• SOURCE MATERIAL:

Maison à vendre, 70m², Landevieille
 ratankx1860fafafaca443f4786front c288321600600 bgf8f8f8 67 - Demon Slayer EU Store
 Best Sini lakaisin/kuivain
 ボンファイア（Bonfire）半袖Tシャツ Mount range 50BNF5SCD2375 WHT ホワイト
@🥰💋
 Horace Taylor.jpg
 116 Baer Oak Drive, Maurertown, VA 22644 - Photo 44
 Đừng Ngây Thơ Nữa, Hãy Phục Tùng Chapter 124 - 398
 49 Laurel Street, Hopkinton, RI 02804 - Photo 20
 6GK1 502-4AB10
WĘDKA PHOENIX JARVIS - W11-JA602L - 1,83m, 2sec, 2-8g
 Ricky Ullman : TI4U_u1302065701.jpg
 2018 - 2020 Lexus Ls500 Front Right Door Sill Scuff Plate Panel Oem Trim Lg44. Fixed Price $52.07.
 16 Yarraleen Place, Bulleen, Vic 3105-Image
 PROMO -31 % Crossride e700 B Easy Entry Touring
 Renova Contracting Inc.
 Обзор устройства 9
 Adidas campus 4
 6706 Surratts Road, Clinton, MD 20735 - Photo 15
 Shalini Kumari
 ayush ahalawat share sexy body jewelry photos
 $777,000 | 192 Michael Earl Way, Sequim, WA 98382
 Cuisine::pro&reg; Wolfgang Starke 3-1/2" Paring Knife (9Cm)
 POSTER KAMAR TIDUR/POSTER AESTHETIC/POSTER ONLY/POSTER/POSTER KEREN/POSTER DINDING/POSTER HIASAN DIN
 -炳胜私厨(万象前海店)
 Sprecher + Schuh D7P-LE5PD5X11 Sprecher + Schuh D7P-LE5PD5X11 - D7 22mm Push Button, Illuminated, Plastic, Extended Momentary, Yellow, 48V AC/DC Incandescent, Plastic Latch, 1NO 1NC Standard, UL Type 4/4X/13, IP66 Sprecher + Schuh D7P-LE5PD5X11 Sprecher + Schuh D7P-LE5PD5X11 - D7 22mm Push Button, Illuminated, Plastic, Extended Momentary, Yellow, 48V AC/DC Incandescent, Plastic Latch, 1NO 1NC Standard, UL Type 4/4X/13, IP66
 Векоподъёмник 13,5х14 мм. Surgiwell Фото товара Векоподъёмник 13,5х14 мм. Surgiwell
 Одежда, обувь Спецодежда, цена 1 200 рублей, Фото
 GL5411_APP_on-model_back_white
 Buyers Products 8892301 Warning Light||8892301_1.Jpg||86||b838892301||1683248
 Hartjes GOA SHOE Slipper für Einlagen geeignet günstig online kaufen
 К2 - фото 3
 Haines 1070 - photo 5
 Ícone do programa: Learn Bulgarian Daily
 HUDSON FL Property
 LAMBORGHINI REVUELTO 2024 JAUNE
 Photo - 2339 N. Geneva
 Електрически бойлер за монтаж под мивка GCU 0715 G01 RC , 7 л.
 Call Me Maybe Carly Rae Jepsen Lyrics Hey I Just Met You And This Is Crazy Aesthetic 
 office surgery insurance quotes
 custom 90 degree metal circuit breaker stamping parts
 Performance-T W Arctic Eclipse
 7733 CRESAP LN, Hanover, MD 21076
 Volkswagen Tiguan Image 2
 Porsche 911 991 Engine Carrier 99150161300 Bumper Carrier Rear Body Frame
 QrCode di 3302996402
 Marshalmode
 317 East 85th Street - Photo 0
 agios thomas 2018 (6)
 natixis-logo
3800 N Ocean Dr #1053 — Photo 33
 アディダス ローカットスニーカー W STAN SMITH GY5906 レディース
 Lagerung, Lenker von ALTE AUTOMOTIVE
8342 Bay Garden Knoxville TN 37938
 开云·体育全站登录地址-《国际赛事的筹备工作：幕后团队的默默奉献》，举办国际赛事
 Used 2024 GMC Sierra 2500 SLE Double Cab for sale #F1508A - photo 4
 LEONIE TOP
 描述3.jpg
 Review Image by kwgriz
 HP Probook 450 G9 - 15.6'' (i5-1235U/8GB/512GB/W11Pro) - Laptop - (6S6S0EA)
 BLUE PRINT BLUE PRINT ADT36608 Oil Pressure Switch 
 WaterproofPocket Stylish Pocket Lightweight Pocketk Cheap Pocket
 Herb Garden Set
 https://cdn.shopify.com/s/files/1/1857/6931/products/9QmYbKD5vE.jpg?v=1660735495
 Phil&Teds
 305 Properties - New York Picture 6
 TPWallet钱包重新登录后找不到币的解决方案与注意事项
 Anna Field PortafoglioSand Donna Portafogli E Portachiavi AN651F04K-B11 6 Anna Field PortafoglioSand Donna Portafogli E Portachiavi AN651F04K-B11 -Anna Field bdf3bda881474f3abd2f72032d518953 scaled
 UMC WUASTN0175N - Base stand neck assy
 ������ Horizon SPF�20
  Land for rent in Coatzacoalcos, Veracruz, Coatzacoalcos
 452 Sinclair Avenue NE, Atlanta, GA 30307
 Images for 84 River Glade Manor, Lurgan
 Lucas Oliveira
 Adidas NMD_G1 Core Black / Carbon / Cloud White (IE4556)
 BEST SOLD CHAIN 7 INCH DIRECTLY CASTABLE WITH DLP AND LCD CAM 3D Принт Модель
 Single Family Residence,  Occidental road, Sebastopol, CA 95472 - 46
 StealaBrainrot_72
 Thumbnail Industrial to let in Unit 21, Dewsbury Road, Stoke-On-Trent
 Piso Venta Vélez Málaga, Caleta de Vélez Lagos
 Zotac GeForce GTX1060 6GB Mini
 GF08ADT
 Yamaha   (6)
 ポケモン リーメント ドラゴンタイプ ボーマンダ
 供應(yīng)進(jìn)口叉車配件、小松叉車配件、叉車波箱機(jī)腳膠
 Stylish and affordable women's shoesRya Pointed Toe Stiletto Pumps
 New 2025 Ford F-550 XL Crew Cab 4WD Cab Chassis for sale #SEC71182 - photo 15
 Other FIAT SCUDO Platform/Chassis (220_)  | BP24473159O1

• PROBLEM TO WORK ON:
The lines above from the one with "Buyers Products 8892301" through the one with "TPWallet钱包重新登录后找不到币的解决方案与注意事项" are to be duplicated exactly, ends included, with nothing added.

• RESPONSE AREA:
 Buyers Products 8892301 Warning Light||8892301_1.Jpg||86||b838892301||1683248
 Hartjes GOA SHOE Slipper für Einlagen geeignet günstig online kaufen
 К2 - фото 3
 Haines 1070 - photo 5
 Ícone do programa: Learn Bulgarian Daily
 HUDSON FL Property
 LAMBORGHINI REVUELTO 2024 JAUNE
 Photo - 2339 N. Geneva
 Електрически бойлер за монтаж под мивка GCU 0715 G01 RC , 7 л.
 Call Me Maybe Carly Rae Jepsen Lyrics Hey I Just Met You And This Is Crazy Aesthetic 
 office surgery insurance quotes
 custom 90 degree metal circuit breaker stamping parts
 Performance-T W Arctic Eclipse
 7733 CRESAP LN, Hanover, MD 21076
 Volkswagen Tiguan Image 2
 Porsche 911 991 Engine Carrier 99150161300 Bumper Carrier Rear Body Frame
 QrCode di 3302996402
 Marshalmode
 317 East 85th Street - Photo 0
 agios thomas 2018 (6)
 natixis-logo
3800 N Ocean Dr #1053 — Photo 33
 アディダス ローカットスニーカー W STAN SMITH GY5906 レディース
 Lagerung, Lenker von ALTE AUTOMOTIVE
8342 Bay Garden Knoxville TN 37938
 开云·体育全站登录地址-《国际赛事的筹备工作：幕后团队的默默奉献》，举办国际赛事
 Used 2024 GMC Sierra 2500 SLE Double Cab for sale #F1508A - photo 4
 LEONIE TOP
 描述3.jpg
 Review Image by kwgriz
 HP Probook 450 G9 - 15.6'' (i5-1235U/8GB/512GB/W11Pro) - Laptop - (6S6S0EA)
 BLUE PRINT BLUE PRINT ADT36608 Oil Pressure Switch 
 WaterproofPocket Stylish Pocket Lightweight Pocketk Cheap Pocket
 Herb Garden Set
 https://cdn.shopify.com/s/files/1/1857/6931/products/9QmYbKD5vE.jpg?v=1660735495
 Phil&Teds
 305 Properties - New York Picture 6
 TPWallet钱包重新登录后找不到币的解决方案与注意事项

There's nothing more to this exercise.